▶ **Exercise aim**:
Only the lines from the one containing "카메라 앞 거리 오른쪽에" through the final line below belong in the output, copied exactly and without pictures.
Data section: Begin
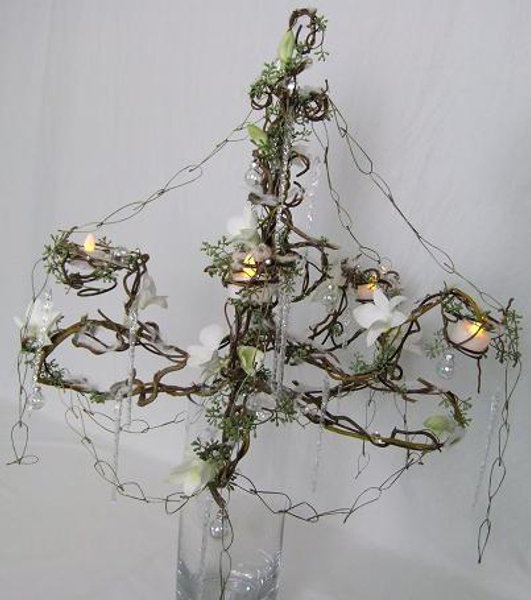The glories of Christmases long, long ago Floral art Chandelier design. The glories of Christmases long, long ago Floral art Chandelier design.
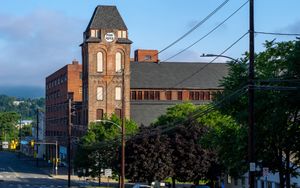 카메라 앞 거리 오른쪽에 뾰족한 지붕이 있는 벽돌 타워. 배경에는 푸른 언덕이 있다.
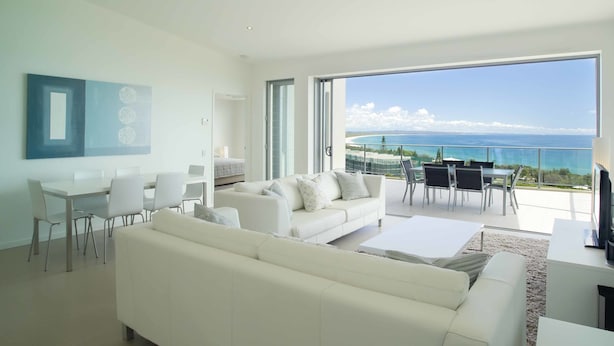 A spacious living room with a white sofa, dining table, and chairs. A large window offers a view of the ocean.
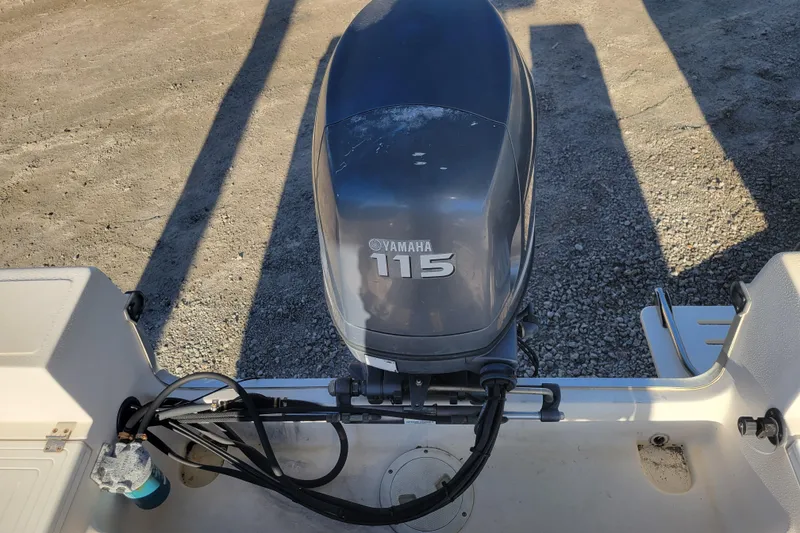 Slide: The Image of Outboard motor on 2004 Palm Beach 1860 boat, gravel background. - 8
Data section: End
▶ **Solution to the problem**:
 카메라 앞 거리 오른쪽에 뾰족한 지붕이 있는 벽돌 타워. 배경에는 푸른 언덕이 있다.
 A spacious living room with a white sofa, dining table, and chairs. A large window offers a view of the ocean.
 Slide: The Image of Outboard motor on 2004 Palm Beach 1860 boat, gravel background. - 8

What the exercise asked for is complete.